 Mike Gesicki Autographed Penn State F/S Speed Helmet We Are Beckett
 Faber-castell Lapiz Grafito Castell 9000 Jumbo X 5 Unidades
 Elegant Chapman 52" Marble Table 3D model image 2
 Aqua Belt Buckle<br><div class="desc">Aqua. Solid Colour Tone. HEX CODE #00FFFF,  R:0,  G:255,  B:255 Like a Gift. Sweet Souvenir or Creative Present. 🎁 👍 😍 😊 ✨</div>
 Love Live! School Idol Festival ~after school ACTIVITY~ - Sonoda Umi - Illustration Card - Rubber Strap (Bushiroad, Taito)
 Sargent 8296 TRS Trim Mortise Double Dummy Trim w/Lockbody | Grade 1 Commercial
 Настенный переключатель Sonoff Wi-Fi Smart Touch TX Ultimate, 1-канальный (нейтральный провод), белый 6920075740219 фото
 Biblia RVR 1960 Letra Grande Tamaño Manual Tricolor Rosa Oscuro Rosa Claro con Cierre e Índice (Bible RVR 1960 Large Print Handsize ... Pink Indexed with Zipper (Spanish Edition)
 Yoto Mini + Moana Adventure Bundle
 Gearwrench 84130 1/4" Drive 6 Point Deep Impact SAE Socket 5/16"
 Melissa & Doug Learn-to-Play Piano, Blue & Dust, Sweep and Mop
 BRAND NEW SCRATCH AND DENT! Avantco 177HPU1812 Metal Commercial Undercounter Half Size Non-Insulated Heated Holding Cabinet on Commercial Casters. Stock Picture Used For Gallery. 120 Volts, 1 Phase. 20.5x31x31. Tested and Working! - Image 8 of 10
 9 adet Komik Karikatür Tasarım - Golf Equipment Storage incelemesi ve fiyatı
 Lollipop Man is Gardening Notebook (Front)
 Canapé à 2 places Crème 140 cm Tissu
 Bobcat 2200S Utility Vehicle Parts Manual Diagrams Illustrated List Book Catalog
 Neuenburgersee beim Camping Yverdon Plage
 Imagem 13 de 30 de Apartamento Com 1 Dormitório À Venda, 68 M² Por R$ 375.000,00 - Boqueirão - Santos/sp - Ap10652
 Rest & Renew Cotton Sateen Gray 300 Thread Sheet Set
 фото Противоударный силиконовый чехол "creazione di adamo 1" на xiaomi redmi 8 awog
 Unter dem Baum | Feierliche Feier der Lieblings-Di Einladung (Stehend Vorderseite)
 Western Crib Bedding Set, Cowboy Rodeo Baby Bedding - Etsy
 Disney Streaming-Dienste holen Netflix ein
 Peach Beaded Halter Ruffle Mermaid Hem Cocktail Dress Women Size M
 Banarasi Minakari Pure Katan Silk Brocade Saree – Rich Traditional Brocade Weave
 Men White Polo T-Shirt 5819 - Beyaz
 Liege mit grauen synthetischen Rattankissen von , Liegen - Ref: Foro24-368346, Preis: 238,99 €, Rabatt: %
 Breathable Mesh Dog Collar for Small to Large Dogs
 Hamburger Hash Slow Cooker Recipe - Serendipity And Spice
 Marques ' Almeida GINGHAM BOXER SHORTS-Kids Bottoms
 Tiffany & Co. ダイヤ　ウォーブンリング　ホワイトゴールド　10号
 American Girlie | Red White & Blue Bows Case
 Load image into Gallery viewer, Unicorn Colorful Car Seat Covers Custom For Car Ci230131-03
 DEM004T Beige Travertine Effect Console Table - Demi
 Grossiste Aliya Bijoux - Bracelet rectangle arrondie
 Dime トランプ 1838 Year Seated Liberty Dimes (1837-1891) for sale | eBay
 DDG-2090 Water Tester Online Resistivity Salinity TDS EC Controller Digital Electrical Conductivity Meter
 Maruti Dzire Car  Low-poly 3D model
------------
Copy out every line of the data that includes "Table".

**Expected answer**:
 Elegant Chapman 52" Marble Table 3D model image 2
 DEM004T Beige Travertine Effect Console Table - Demi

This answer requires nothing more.